SourceData is a platform built by EMBO in collaboration with Vital-IT to make papers and datasets discoverable based on the experiments shown in figures.
When refering to SourceData, please cite the following paper:
SourceData - a semantic platform for curating and searching figures. Liechti R, George N, Götz L, El-Gebali S, Chasapi A, Crespo I, Xenarios I, Lemberger T. Nature Methods (2017) 14:1021 doi:10.1038/nmeth.4471 Set up .env from .env.example with appropriate credentials.

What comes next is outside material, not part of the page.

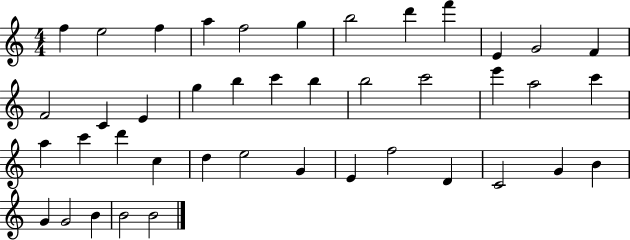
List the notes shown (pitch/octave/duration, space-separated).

This repository includes several tools currently under development. These tools allow to generate the SourceData knowledge graph (sdg
), to upload MECA/JATS archives (neojats
) as graphs compatible with the SourceData graph and run a server (neoflask
) that implements pre-formed cypher queries and exposes a RESTful interface for integration in web applications.
To make sure you start with a clean build you can run:
docker-compose build --force-rm --no-cache
docker-compose down --volumes # to clean the content of the volumes
This can solve some issues, for example if you run build
with a wrong config file.
cp .env.example .env
docker-compose build
docker-compose up
Before you import any dump you need to make sure that Neo4j creates the layout for the databases. You can do that by running the commands above, or just this one (check your .env file for username/password):
docker-compose run --rm neo4j cypher-shell -a bolt://neo4j:7687 -u $NEO_USERNAME -p $NEO_PASSWORD
See a few sections below on how import a dump to load content into the neo4j database.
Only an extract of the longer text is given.